Files
Search-R1/docs/multinode.md
2025-04-10 12:26:43 +00:00

5.4 KiB
Raw Blame History

Multinode Training

Our codebase supports multi-node training for large-scale language models. The implementation is mainly based on Ray.

There are two types of nodes when doing Ray multi-node training: (1) head node and (2) worker nodes. There is only one head node where you will start the ray cluster and submit the job. The other nodes are worker nodes, where you only need to start and register to the ray cluster.

Step 1: Set up multinode ray cluster (from link)

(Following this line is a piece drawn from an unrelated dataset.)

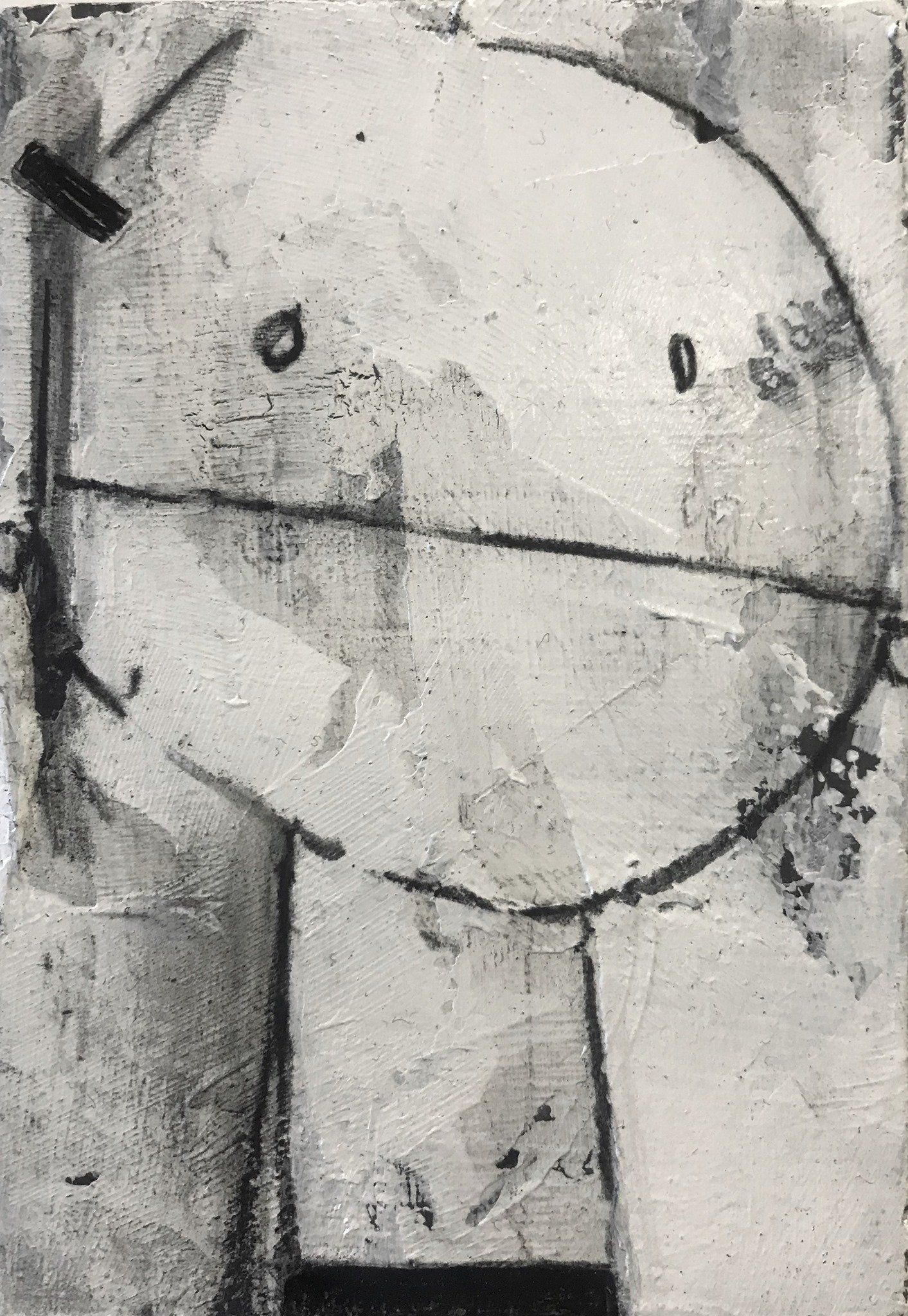 The Covidians 9, a painting created by  Olivier Cornet Gallery artist Kelly Ratchford, Dublin, Ireland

a. Start head node with ray start --head --dashboard-host=0.0.0.0, therere 2 address you should care about:

  • GCS address: ray start --address=<address>, where worker node should connect to.

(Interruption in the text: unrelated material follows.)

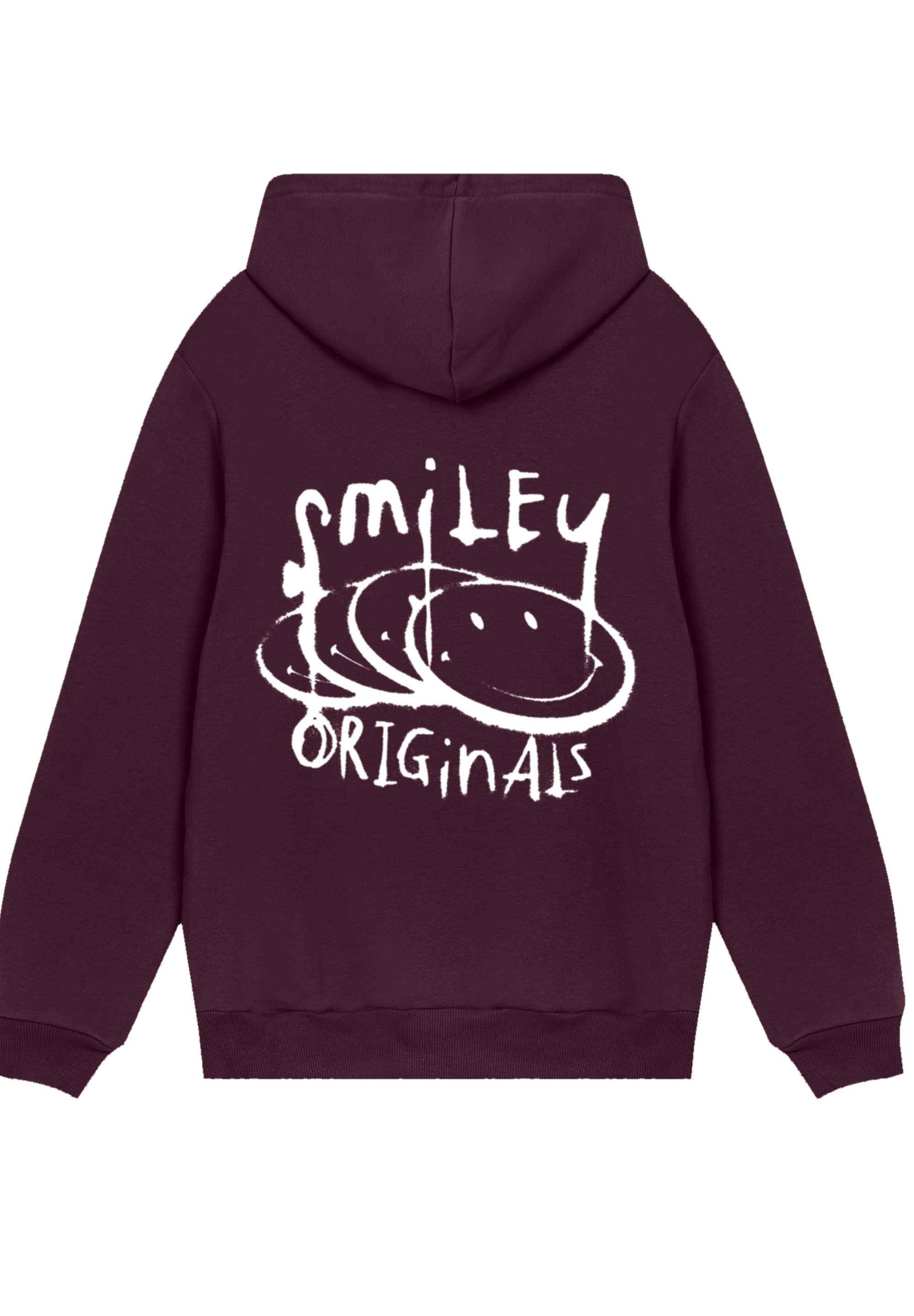 F4NT4STIC Kapuzenpullover »Smiley Originals Punk Drippy Streetwear Graphic«, Premium Qualität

  • Dashboard address: <address>:8265, where you should submit job to the cluster.

head

b. Start worker node and register it to the ray cluster with ray start --address=<address> you get above.

worker

c. Check the cluster status with ray status.

For example, if you have two nodes (each with 8 GPUs) in the cluster, you should see something like this:

status

Step 2: Launch the retrieval server on every node.

We would recommend launch the same retrieval server on every nodes (including both head and worker nodes) for the stable RL training. Detailed information on how to launch different retrievers can be found as follows: doc and scripts.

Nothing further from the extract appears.